# EDA on jupyter

In [1]:
import pandas as pd
import numpy as np
import altair as alt
from selenium import webdriver
from docopt import docopt

## Research Question

The analysis will focus on answering the following inferential research questions:

- Do secondary school students who are in a relationship have different grades for Maths than students who are not?
- Do secondary school students who are in a relationship have different grades for Portugese than students who are not?

## Theme setting for altair

In [2]:
def mds_special():
    font = "Arial"
    axisColor = "#000000"
    gridColor = "#DEDDDD"
    return {
        
        "config": {
            "title": {
                "fontSize": 24,
                "font": font,
                "anchor": "start", # equivalent of left-aligned.
                "fontColor": "#000000"
            },
            "background": "white",
            "axisX": {
                "domain": True,
                #"domainColor": axisColor,
                "gridColor": gridColor,
                "domainWidth": 1,
                "grid": False,
                "labelFont": font,
                "labelFontSize": 12,
                "labelAngle": 0, 
                #"tickColor": axisColor,
                "tickSize": 5, # default, including it just to show you can change it
                #"titleFont": font,
                "titleFontSize": 18,
                "titlePadding": 10, # guessing, not specified in styleguide
                "title": "X Axis Title (units)", 
            },
            "axisY": {
                "domain": False,
                "grid": True,
                "gridColor": gridColor,
                "gridWidth": 1,
                "labelFont": font,
                "labelFontSize": 12,
                "labelAngle": 0, 
                #"ticks": False, # even if you don't have a "domain" you need to turn these off.
                "titleFont": font,
                "titleFontSize": 18,
                "titlePadding": 10, # guessing, not specified in styleguide
                "title": "Y Axis Title (units)", 
                # titles are by default vertical left of axis so we need to hack this 
                #"titleAngle": 0, # horizontal
                #"titleY": -10, # move it up
                #"titleX": 18, # move it to the right so it aligns with the labels 
            },
                }
            }
    
# register the custom theme under a chosen name
alt.themes.register('mds_special', mds_special)

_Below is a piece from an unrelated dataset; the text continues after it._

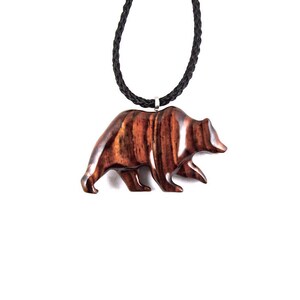 Bear Necklace, Bear Pendant, Grizzly Bear Pendant, Mens Grizzly Bear Necklace, Mens Wood Necklace, Spirit Animal Bear, Totem Bear Jewelry image 5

# enable the newly registered theme
alt.themes.enable('mds_special')

ThemeRegistry.enable('mds_special')

## Read data

In [3]:
df_mat = pd.read_csv("../data/student-mat_clean.csv")
df_por = pd.read_csv("../data/student-por_clean.csv")

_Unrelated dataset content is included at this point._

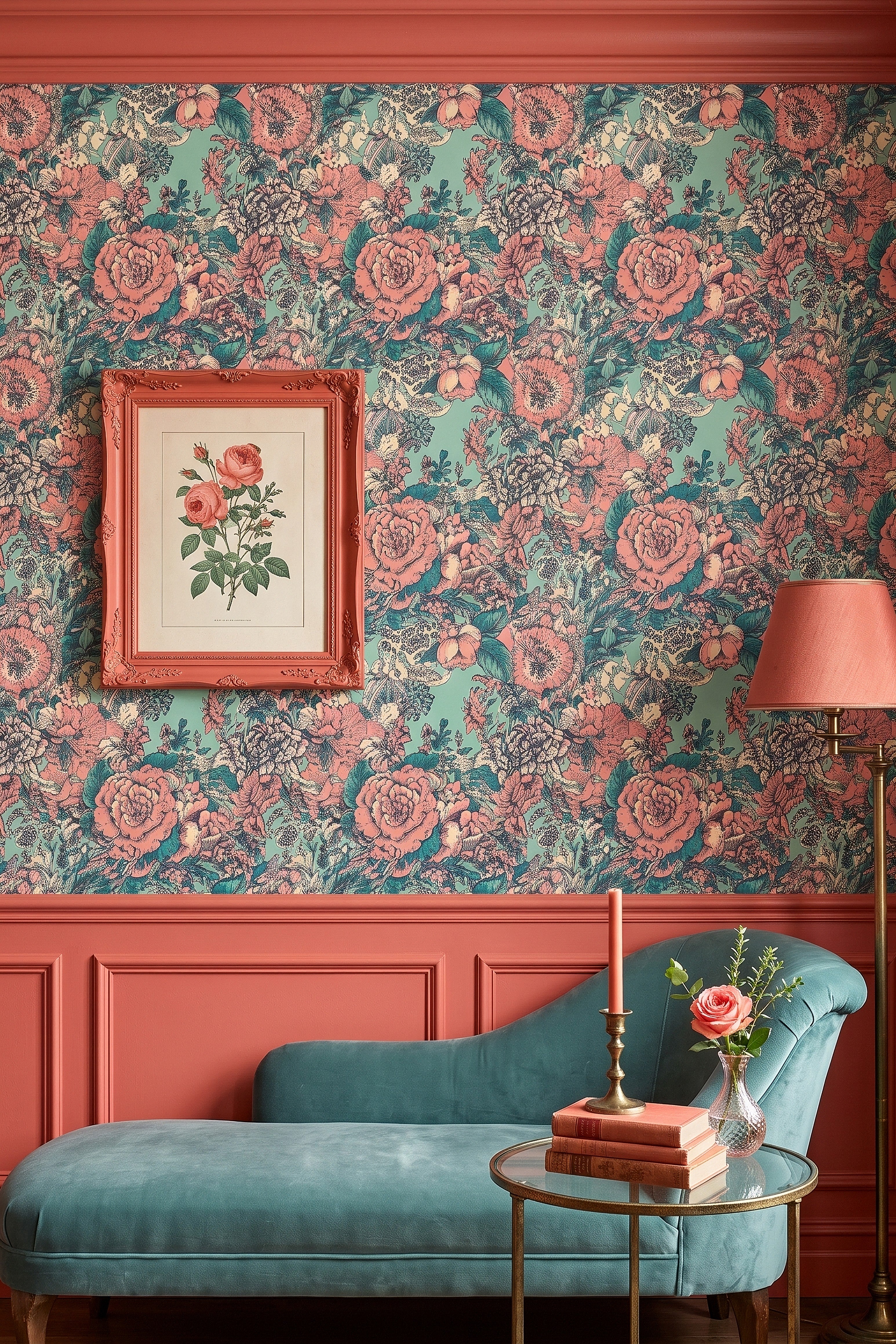 Coral Toile wallpaper shown in a living room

#### Head and tail of math dataset

In [4]:
df_mat.head()

Unnamed: 0,sex,romantic,total_grade
0,Female,no,17
1,Female,no,16
2,Female,no,25
3,Female,yes,44
4,Female,no,26


In [5]:
df_mat.tail()

Unnamed: 0,sex,romantic,total_grade
390,Male,no,27
391,Male,no,46
392,Male,no,25
393,Male,no,33
394,Male,no,26


#### Head and tail of Portuguese dataset

In [6]:
df_por.head()

Unnamed: 0,sex,romantic,total_grade
0,Female,no,22
1,Female,no,31
2,Female,no,37
3,Female,yes,42
4,Female,no,37


In [7]:
df_por.tail()

Unnamed: 0,sex,romantic,total_grade
644,Female,no,31
645,Female,no,46
646,Female,no,32
647,Male,no,30
648,Male,no,32


## Statistics on the features of interest

In [8]:
df_mat.isnull().any()

sex            False
romantic       False
total_grade    False
dtype: bool

> No null values

In [39]:
by_grade_rel = df_mat[["romantic", "total_grade"]].groupby("romantic").agg(['count', 'mean', 'std'])
by_grade_rel['total_grade'].reset_index().round(4).to_csv(ign)

Unnamed: 0,romantic,count,mean,std
0,no,263,32.8441,11.0268
1,yes,132,30.4318,11.0834


In [41]:
by_grade_por = df_por[["romantic", "total_grade"]].groupby("romantic").agg(['count', 'mean', 'std'])
by_grade_por['total_grade'].reset_index().round(4)

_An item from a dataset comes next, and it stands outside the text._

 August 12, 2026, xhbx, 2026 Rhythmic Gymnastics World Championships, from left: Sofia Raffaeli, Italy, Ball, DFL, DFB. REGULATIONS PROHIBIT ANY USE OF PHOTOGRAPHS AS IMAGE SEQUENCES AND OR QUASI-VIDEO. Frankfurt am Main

Unnamed: 0,romantic,count,mean,std
0,no,410,35.4732,8.237
1,yes,239,33.8494,8.8571


In [26]:
print("{} math students were in relationships and {} were not.".format(
    df_mat['romantic'].value_counts()['yes'], 
    df_mat['romantic'].value_counts()['no']))

print("{} portuguese language students were in relationships and {} were not.".format(
    df_por['romantic'].value_counts()['yes'], 
    df_por['romantic'].value_counts()['no']))

132 math students were in relationships and 263 were not.
239 portuguese language students were in relationships and 410 were not.


In [27]:
print("The average total grade for math students in relationships was: {:.2f}/60".format(
    df_mat[df_mat['romantic'] == 'yes']['total_grade'].mean()))
print("The average total grade for math students not in relationships was: {:.2f}/60".format(
    df_mat[df_mat['romantic'] == 'no']['total_grade'].mean()))
print("The average total grade for portuguese students in relationships was: {:.2f}/60".format(
    df_por[df_por['romantic'] == 'yes']['total_grade'].mean()))
print("The average total grade for portuguese students not in relationships was: {:.2f}/60".format(
    df_por[df_por['romantic'] == 'no']['total_grade'].mean()))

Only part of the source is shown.